China Watch Blog has learnt that the World Wildlife Fund (WWF) claims that the True Cost of a Third Runway Reclamation in Hong Kong will include a HK$48 Million Loss to the Fishing Industry in a New UBC Modelling Study.
A new study by the University of British Columbia (UBC) Fisheries Centre on the impacts of reclamation on fisheries was released by WWF today. The study projects the impacts of a 650 hectares potential third runway reclamation at Hong Kong International Airport, on the recovery of the marine ecosystem and the development of sustainable fisheries in the wake of the forthcoming trawling ban and ban on commercial fishing in Marine Parks.
It shows that the fishing industry would likely suffer losses in value of their catches of HK$48 million and losses in net profit of HK$11 million over a 18 year period .
The study also reveals that the impacts on fish catches and the fishing community of a third runway reclamation are five times greater than anticipated by Airport Authority Hong Kong (AAHK).

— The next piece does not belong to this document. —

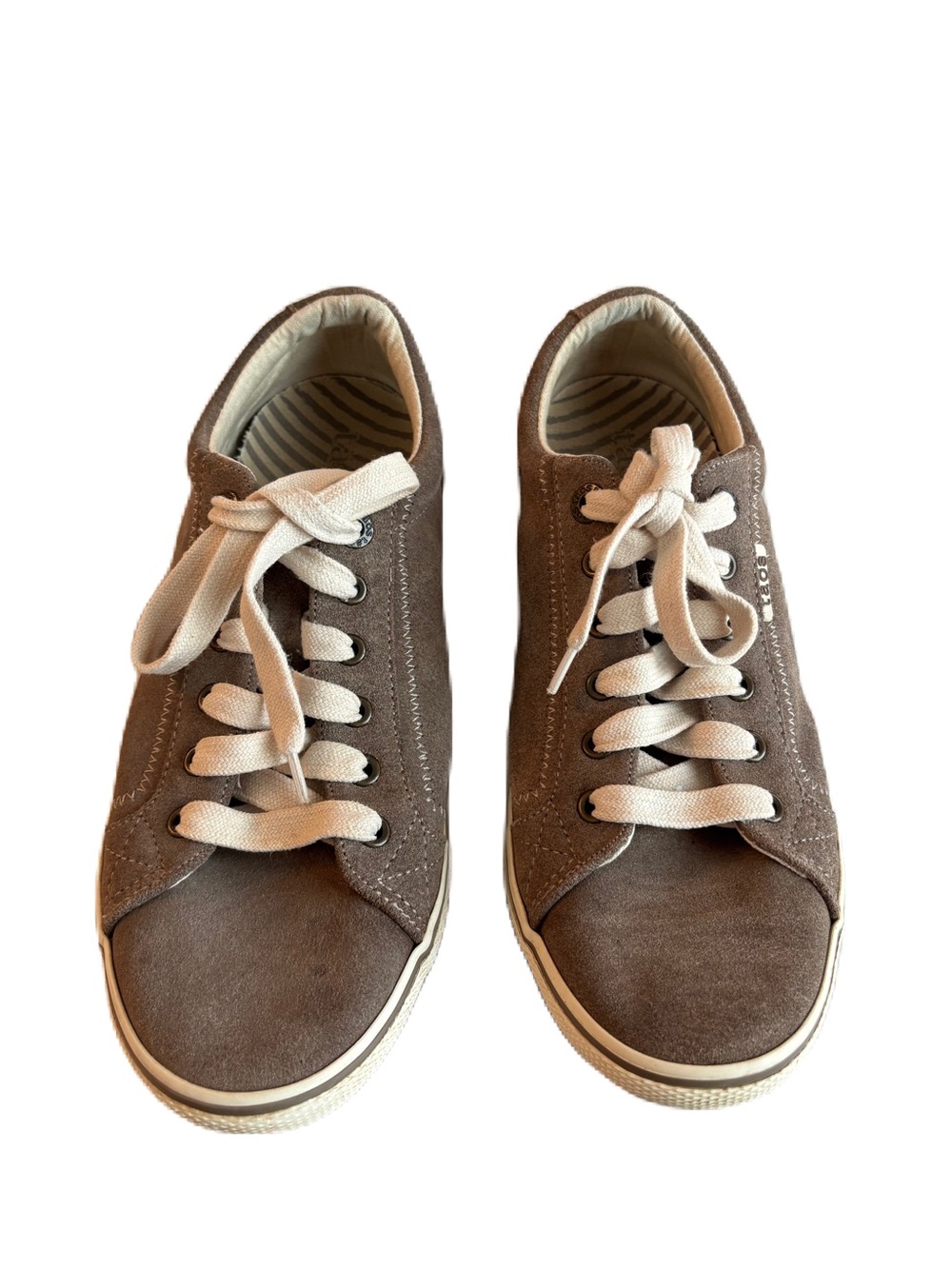 Taos Women's Retro Star Brown Suede Sneaker Size 9.5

The new UBC figure estimates the impact of a third runway to be 0.44 percent of Hong Kong’s yearly production, versus AAHK’s figure of 0.08 percent . The UBC study calculated the loss against the more healthy marine ecosystem and fishery resources that will occur when trawling stops in late 2012, and other fishery management measures.

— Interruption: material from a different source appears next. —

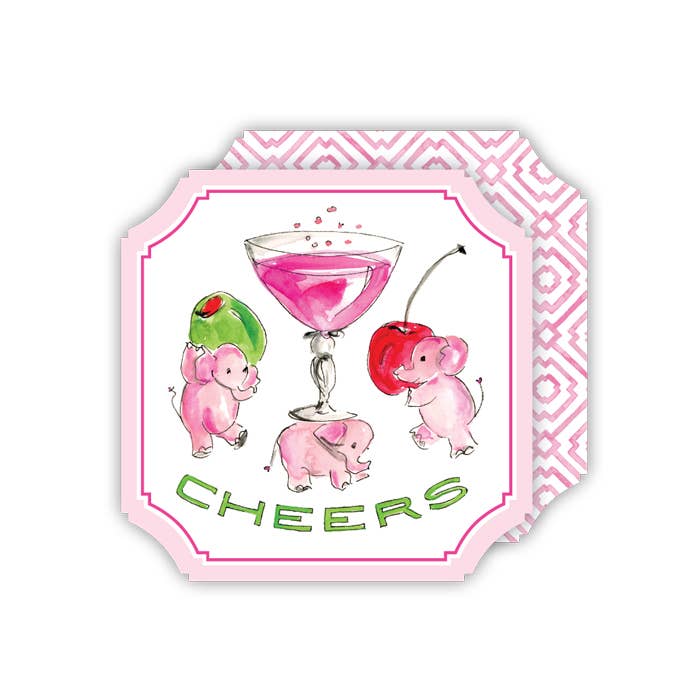 Elephant & Martinis Coasters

Samantha Lee, Senior Conservation Officer, Marine at WWF-Hong Kong said, “AAHK has downplayed the impacts of the third runway reclamation to fisheries and the fishing community. Without conducting fishery modelling to look into the future, the real cost of reclamation cannot be estimated. This new information on fisheries also fills a crucial data gap needed to conduct a Social Return on Investment (SROI) study in order to measure the true environmental and social cost of a potential third runway.”
The study shows that up to 31 non-trawler fishers are likely to lose their jobs. This is because the reclamation will reduce the expected growth in marine life such as fish, shrimp and squid populations in Hong Kong following the trawling ban. Therefore, fishers’ overall catches will be lower. If the government provides full compensation and training for the fishers using current procedures, the estimated costs would be between HK$12-31 million.

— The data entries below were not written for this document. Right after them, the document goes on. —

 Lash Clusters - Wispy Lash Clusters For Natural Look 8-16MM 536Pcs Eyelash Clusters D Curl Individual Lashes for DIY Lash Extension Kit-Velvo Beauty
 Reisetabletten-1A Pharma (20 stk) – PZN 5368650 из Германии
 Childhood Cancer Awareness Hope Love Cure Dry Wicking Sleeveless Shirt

Ms. Lee continued, “The proposed third runway will undermine the social and ecological benefits that will result from the trawling ban; countering the effectiveness of conservation measures to protect the fishery resources. On the one hand the government is trying to rebuild fish stocks; on the other, it seems intent on destroying substantial areas of the sea. The government should much more carefully consider the future impacts on marine ecosystem recovery and sustainable fisheries before deciding whether to proceed with such large-scale reclamations.”
This study was conducted over the past two months. By using this type of modelling, WWF and UBC have collaborated to develop a new tool to examine not just the impacts of reclamation on fisheries but also how fishery resources will recover from the trawling ban.